Agriculture et élevage, les « deux mamelles » de l'économie tchadienne
Avec 39 millions d'hectares de terre cultivables, un cheptel de 94 millions de têtes et une gigantesque réserve d'eau au lac Tchad, le Tchad possède de solides atouts pour faire de son agriculture un secteur phare de son émergence économique et sociale.
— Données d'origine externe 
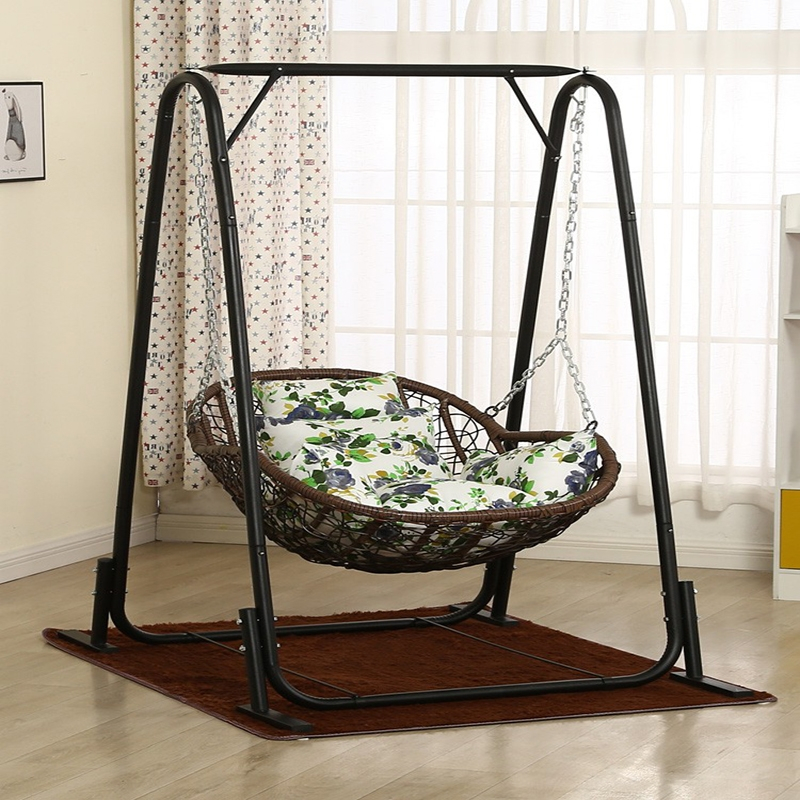 闪电客吊篮藤椅单人儿童秋千室内外家用摇椅阳台吊兰鸟巢摇篮椅千秋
C'est justement l'une des priorités du président Idriss Deby, qui a réaffirmé après sa réélection en avril l'importance de l'agriculture et de l'élevage, « seuls gages de la sécurité alimentaire ». Dans ce pays de près de 13 millions d'habitants aux traditions agricoles, les revenus pétroliers encore prédominants dans le PIB national servent déjà de levier pour investir dans la diversification de l'économie engagée par le gouvernement.
« Le pétrole, c'est la pauvreté, a déclaré Idriss Deby lors d'un discours à Goz Beida, à l'est du Tchad. Le développement, c'est l'agriculture et l'élevage. Ce sont les deux mamelles. L'émergence du pays ne peut pas venir du pétrole ni d'autres ressources minières. » Pour joindre les actes à la parole, le président tchadien, élu pour un an à la tête de l'Union africaine fin janvier, a récemment annoncé l'aménagement d'environ 250 000 hectares sur le territoire national, le renforcement des microcrédits pour les producteurs ruraux ainsi que la construction de nouvelles infrastructures de transport et d'énergie. Autant de mesures censées contribuer à l'essor d'une agriculture qui profite au plus grand nombre et pour longtemps.